Make an exact copy, without pictures, of the lines below from the one containing "Queen Elizabeth II" to the last line, both ends included.

━━━━━━━━━━

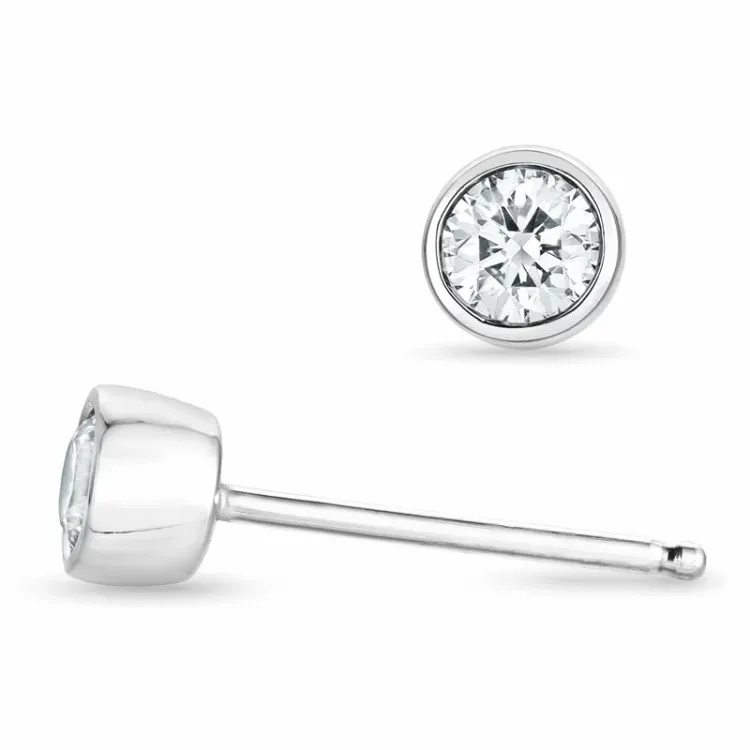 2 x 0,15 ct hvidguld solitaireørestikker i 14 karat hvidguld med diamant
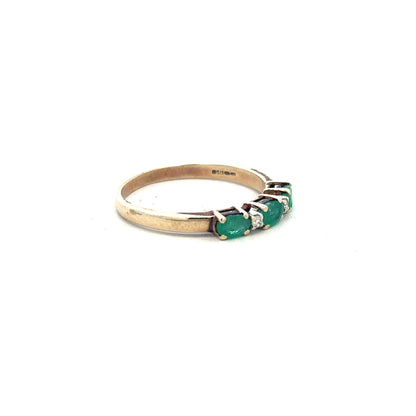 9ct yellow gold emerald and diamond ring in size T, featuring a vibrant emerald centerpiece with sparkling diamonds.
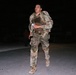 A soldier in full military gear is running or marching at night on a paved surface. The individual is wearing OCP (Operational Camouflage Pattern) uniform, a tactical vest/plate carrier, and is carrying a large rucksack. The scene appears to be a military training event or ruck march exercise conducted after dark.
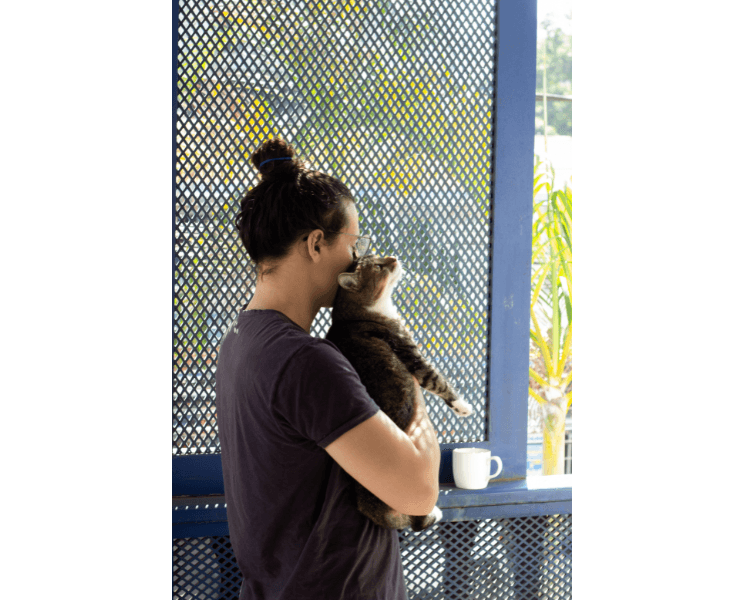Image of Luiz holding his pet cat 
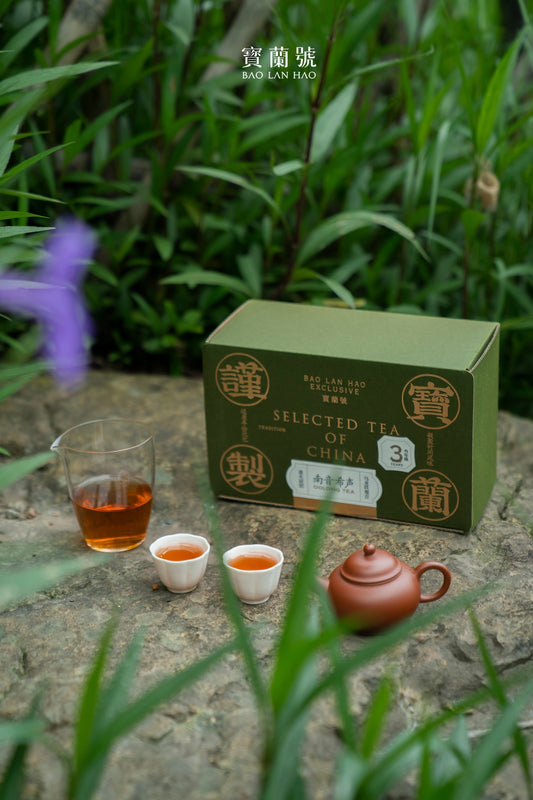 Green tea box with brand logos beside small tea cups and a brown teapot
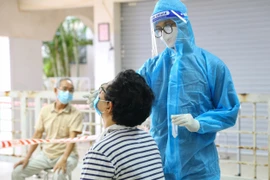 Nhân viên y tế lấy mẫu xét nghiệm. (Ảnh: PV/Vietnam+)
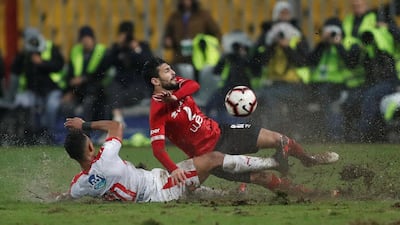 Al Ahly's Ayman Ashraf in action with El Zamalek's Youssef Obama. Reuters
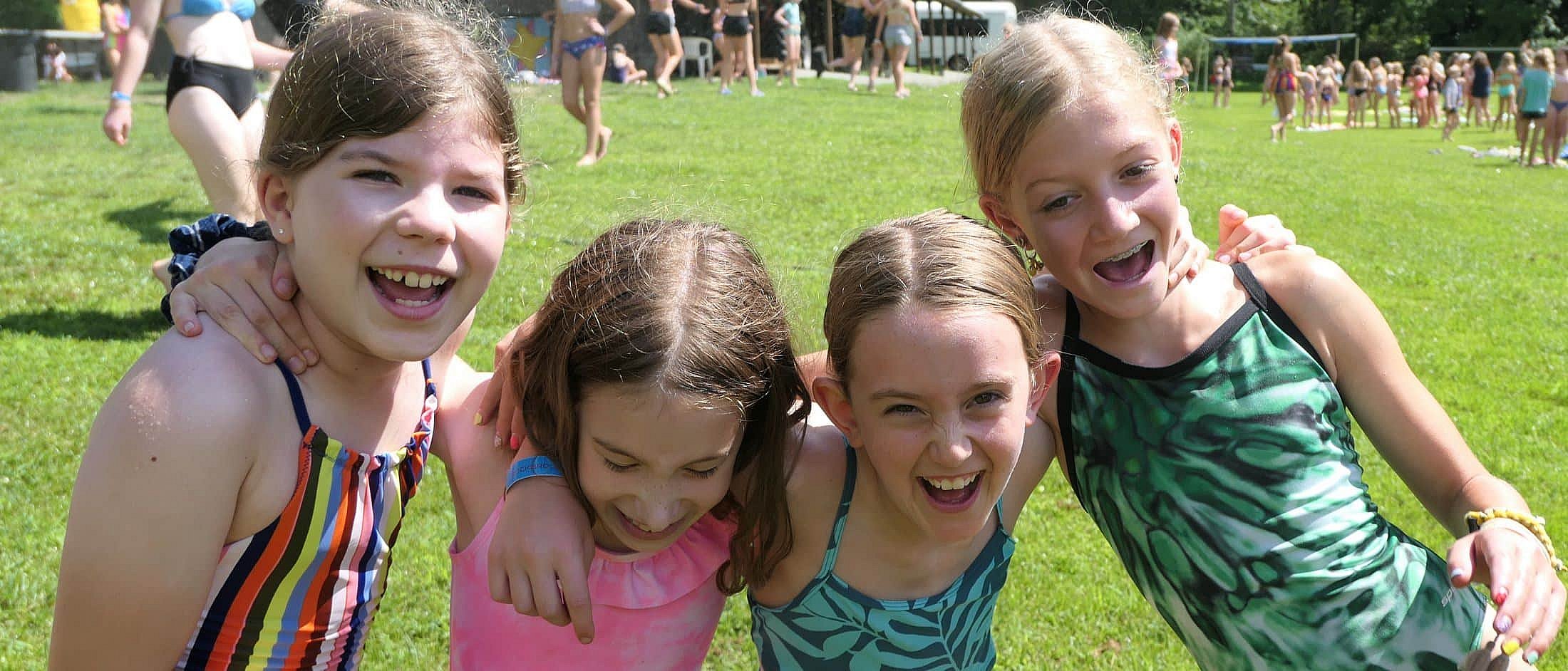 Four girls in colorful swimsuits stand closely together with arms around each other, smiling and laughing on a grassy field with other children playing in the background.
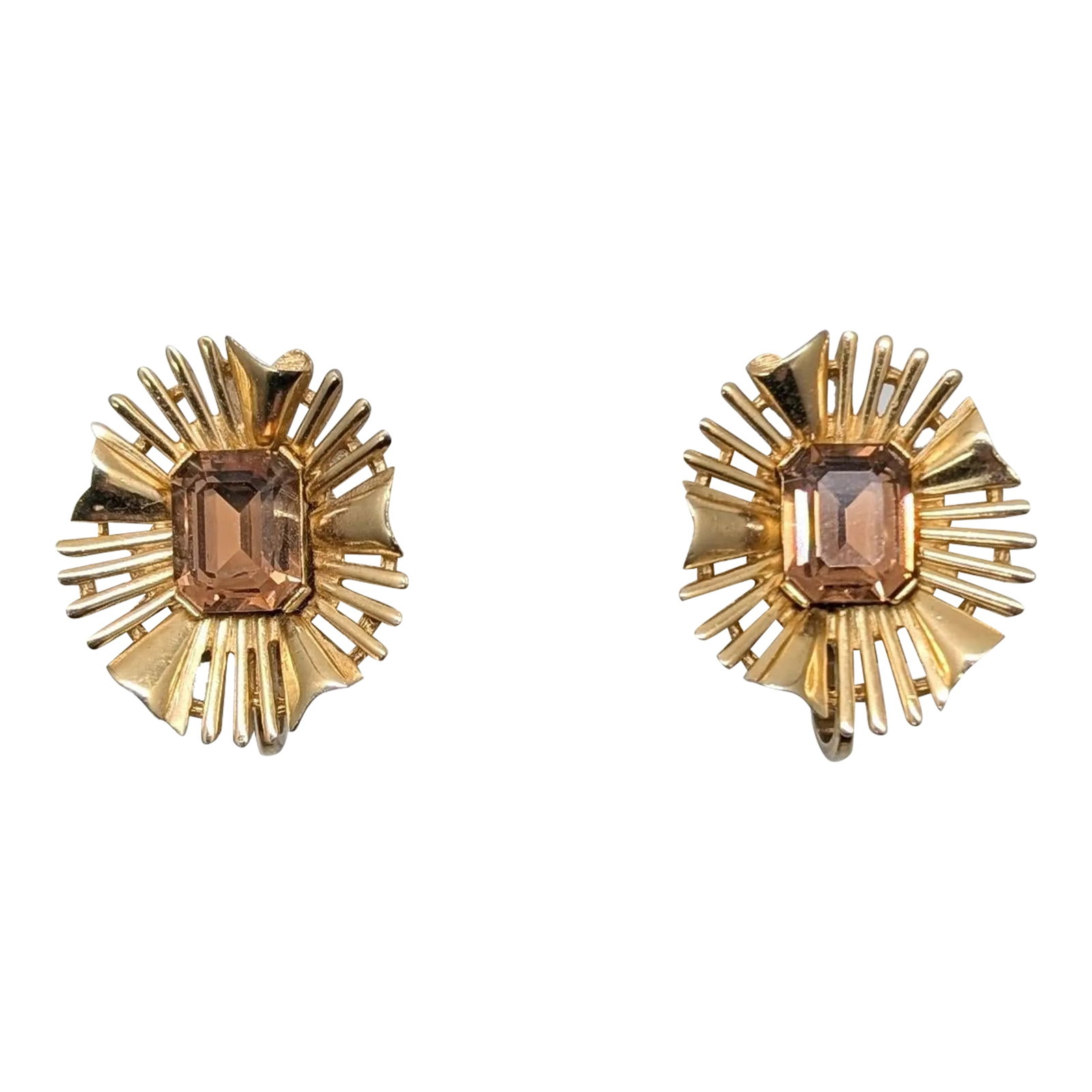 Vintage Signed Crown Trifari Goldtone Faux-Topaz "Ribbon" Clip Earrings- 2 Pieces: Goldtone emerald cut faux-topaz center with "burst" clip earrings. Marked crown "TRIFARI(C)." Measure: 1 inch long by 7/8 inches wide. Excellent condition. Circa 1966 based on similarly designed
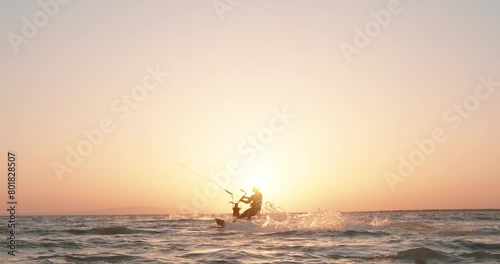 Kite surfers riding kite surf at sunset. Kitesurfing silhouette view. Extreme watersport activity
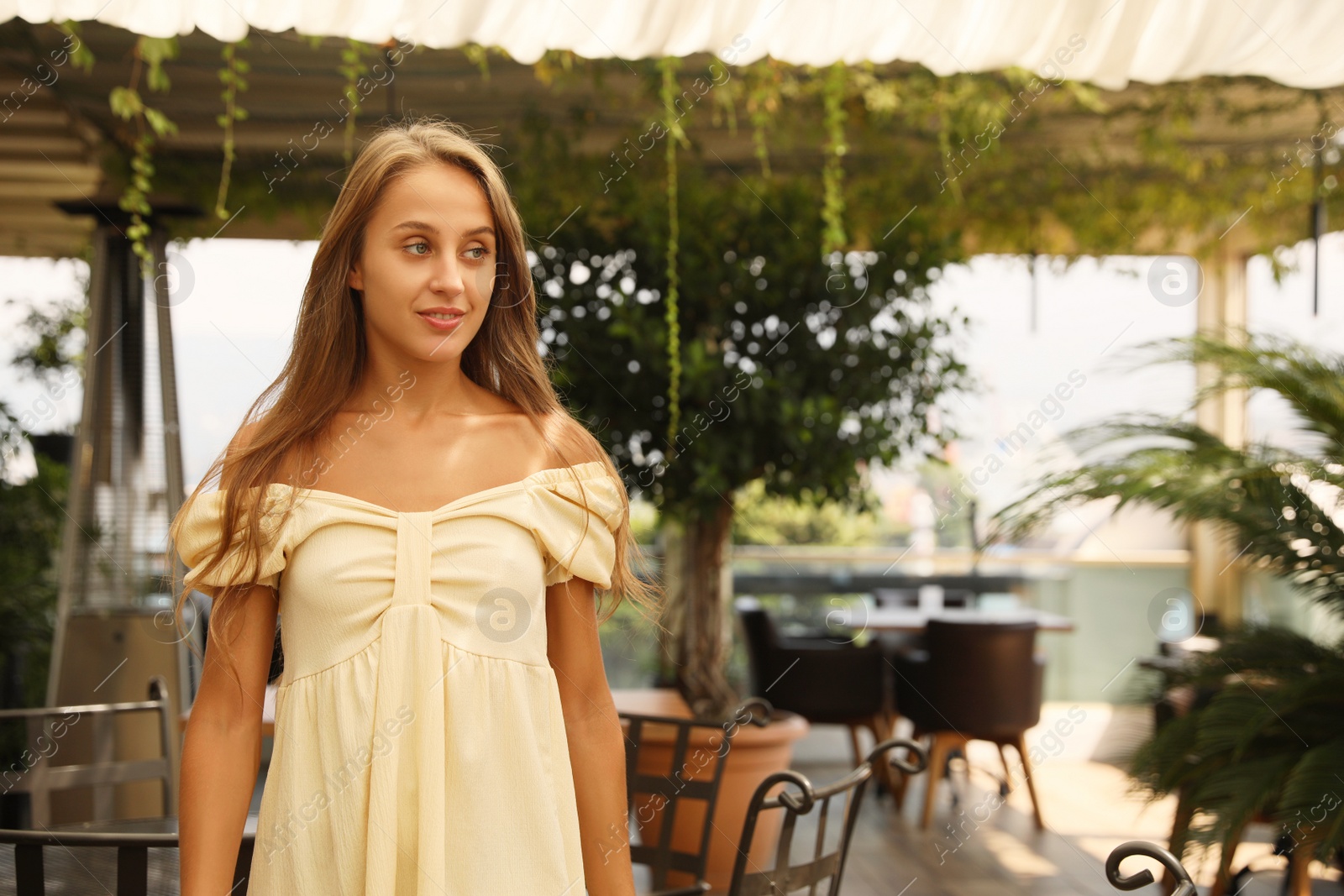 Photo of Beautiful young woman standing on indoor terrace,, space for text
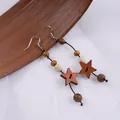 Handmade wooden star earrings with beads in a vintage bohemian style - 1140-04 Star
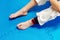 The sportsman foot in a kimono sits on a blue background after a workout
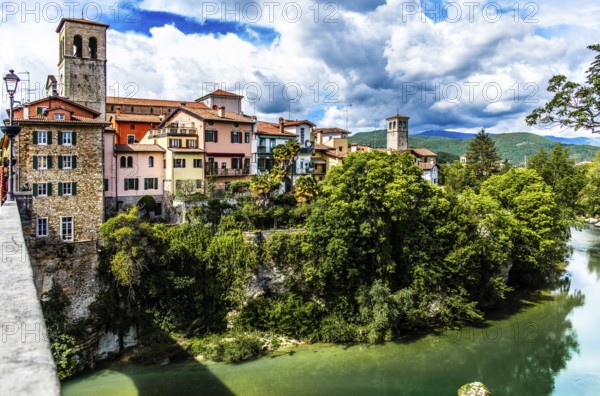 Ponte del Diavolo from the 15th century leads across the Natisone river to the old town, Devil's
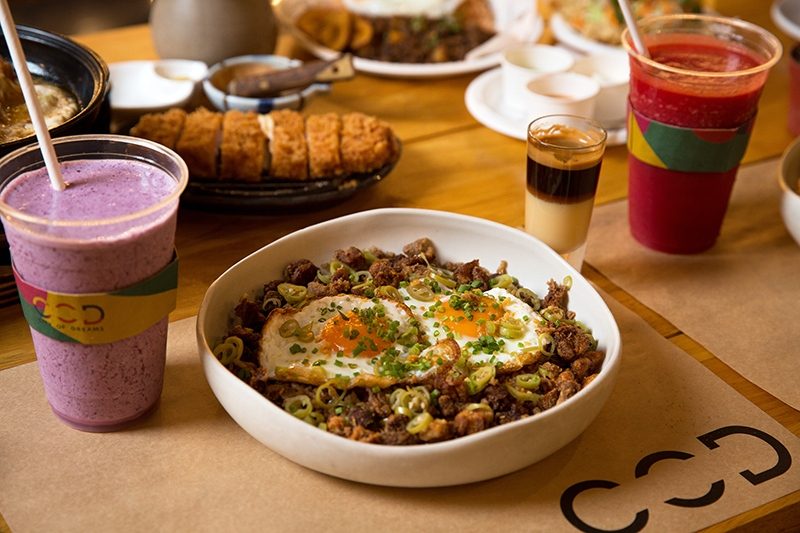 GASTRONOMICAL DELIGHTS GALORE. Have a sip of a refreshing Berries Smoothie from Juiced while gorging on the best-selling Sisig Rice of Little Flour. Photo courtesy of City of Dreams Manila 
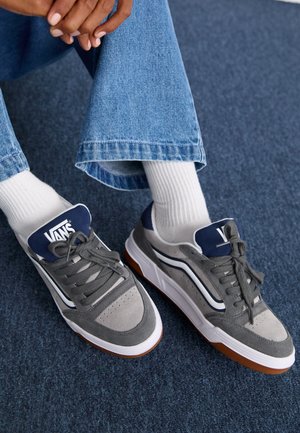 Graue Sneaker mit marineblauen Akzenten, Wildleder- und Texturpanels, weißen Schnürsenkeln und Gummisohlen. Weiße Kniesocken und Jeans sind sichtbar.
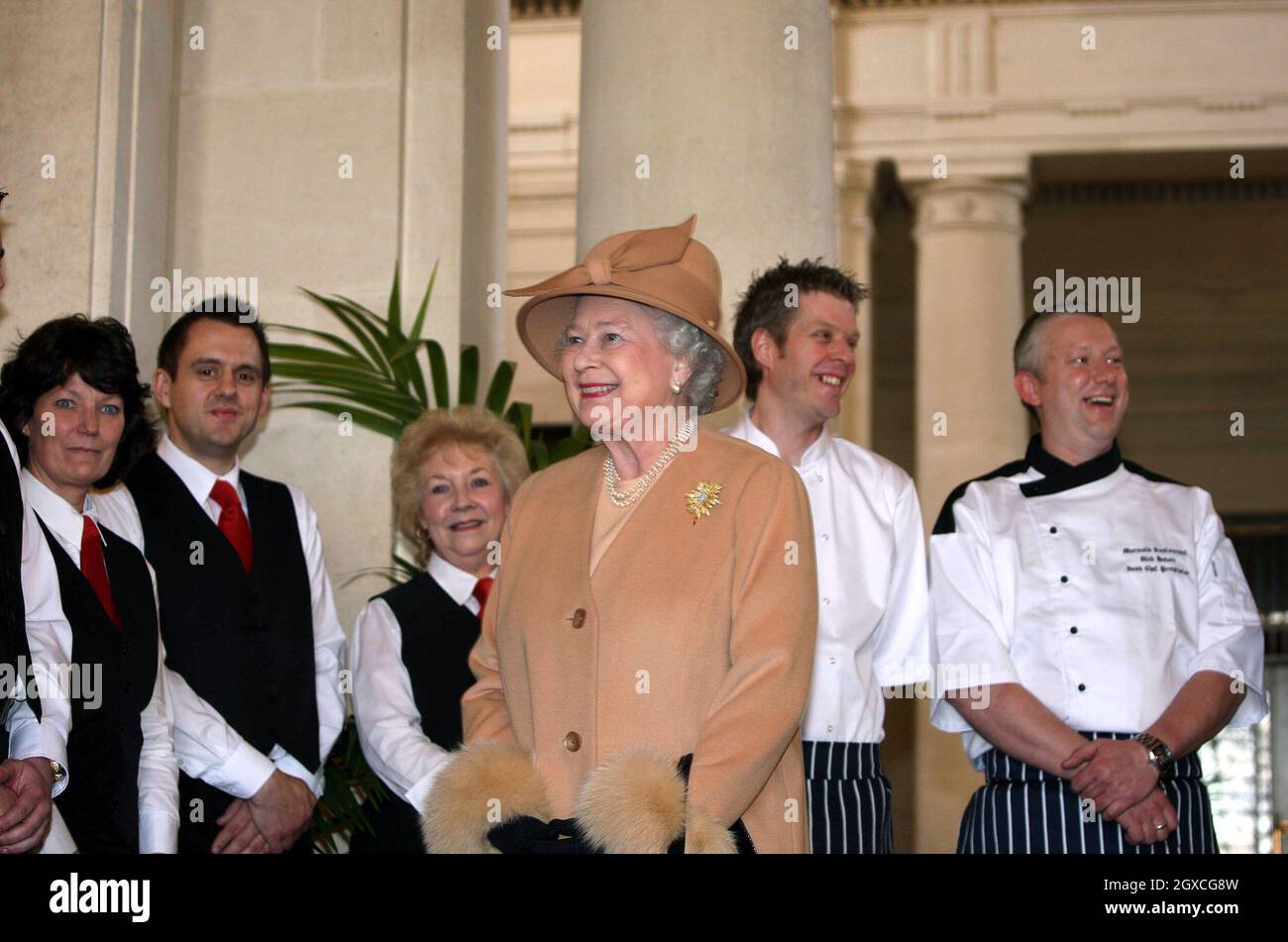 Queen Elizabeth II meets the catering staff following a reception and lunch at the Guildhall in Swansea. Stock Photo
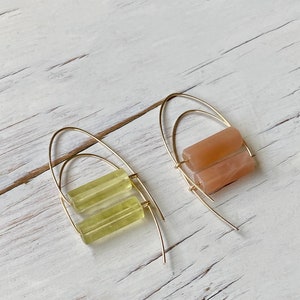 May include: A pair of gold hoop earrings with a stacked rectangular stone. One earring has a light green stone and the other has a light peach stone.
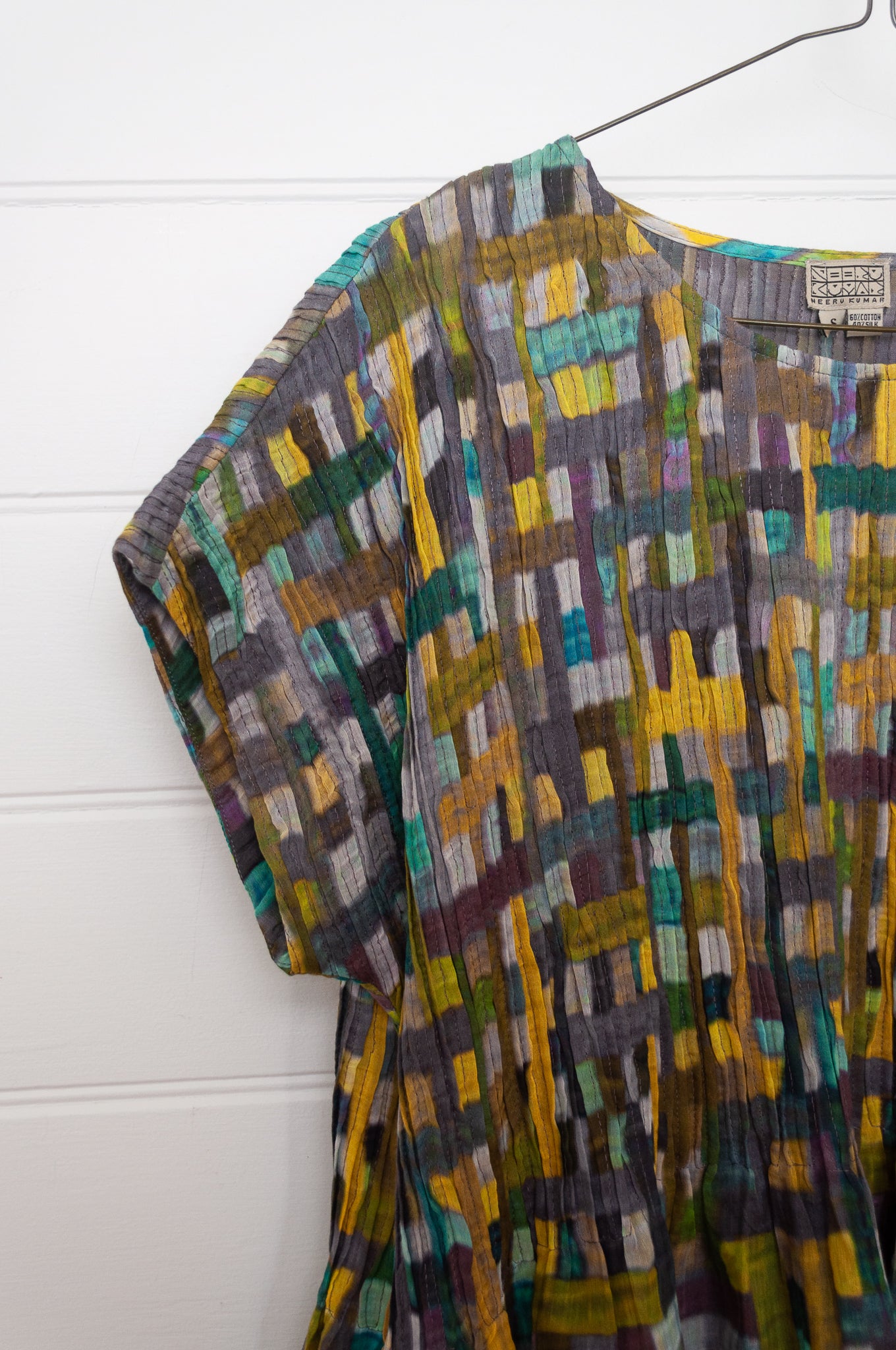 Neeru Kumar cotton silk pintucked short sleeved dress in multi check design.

━━━━━━━━━━

§ **Answer area**
 Queen Elizabeth II meets the catering staff following a reception and lunch at the Guildhall in Swansea. Stock Photo
 May include: A pair of gold hoop earrings with a stacked rectangular stone. One earring has a light green stone and the other has a light peach stone.
 Neeru Kumar cotton silk pintucked short sleeved dress in multi check design.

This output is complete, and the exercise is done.